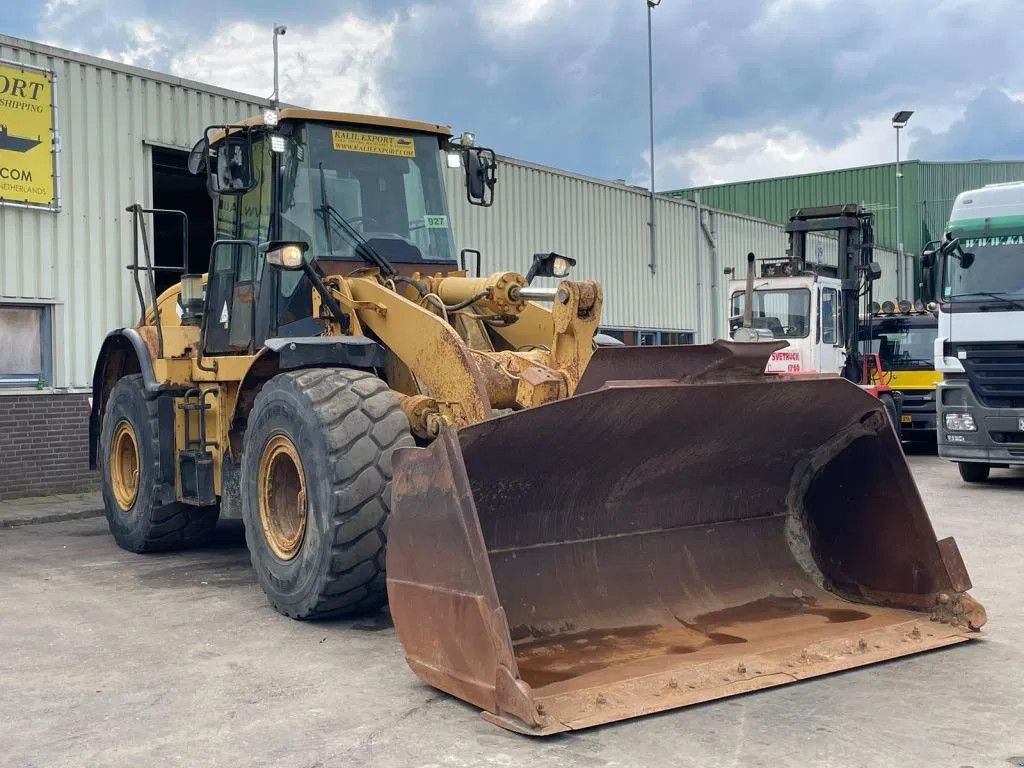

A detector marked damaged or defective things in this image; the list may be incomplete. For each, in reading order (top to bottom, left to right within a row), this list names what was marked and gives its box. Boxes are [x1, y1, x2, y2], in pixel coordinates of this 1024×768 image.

rusty bucket [385, 342, 983, 733]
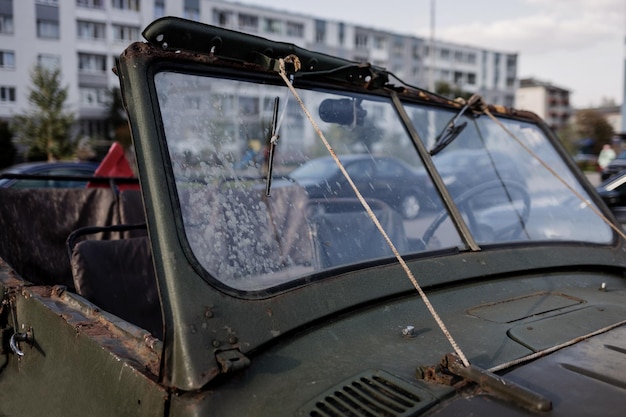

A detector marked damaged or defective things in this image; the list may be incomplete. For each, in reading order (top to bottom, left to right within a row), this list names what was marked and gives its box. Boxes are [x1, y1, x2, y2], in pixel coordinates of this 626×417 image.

corroded hinge [216, 348, 250, 374]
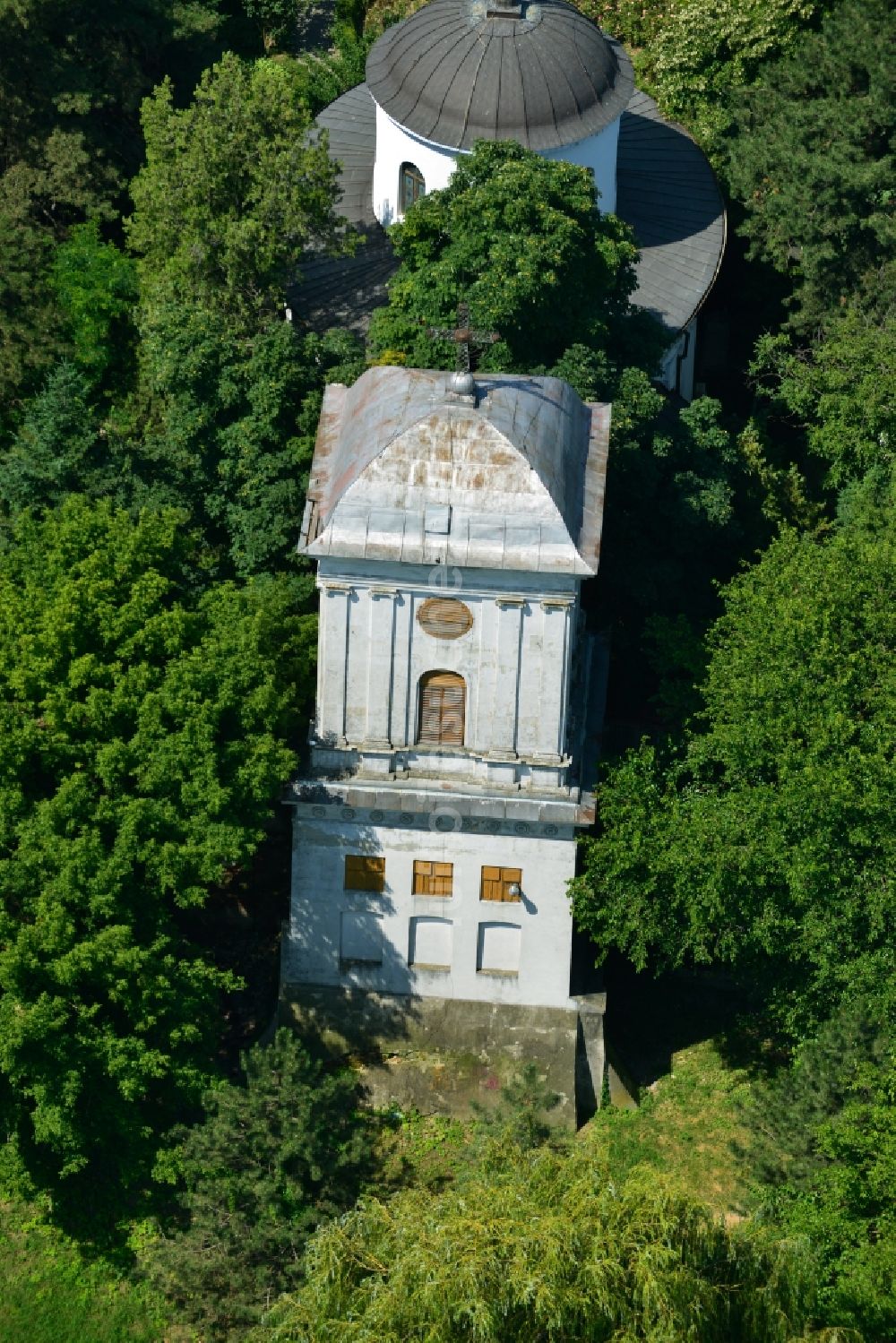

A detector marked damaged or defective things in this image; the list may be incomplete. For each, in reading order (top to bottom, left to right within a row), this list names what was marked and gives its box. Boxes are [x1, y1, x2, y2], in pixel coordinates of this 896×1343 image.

rusty metal roof [365, 0, 631, 151]
rusty metal roof [300, 365, 609, 574]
+++
§ **Exercise description**
Each line from the one with "this 896×1343 image." through the end of the entries above must be set down exactly, both end lines included, and no other line may appear.

§ **Exercise output**
A detector marked damaged or defective things in this image; the list may be incomplete. For each, in reading order (top to bottom, left to right within a row), this list names what was marked and gives its box. Boxes are [x1, y1, x2, y2], in pixel coordinates of this 896×1343 image.

rusty metal roof [365, 0, 631, 151]
rusty metal roof [300, 365, 609, 574]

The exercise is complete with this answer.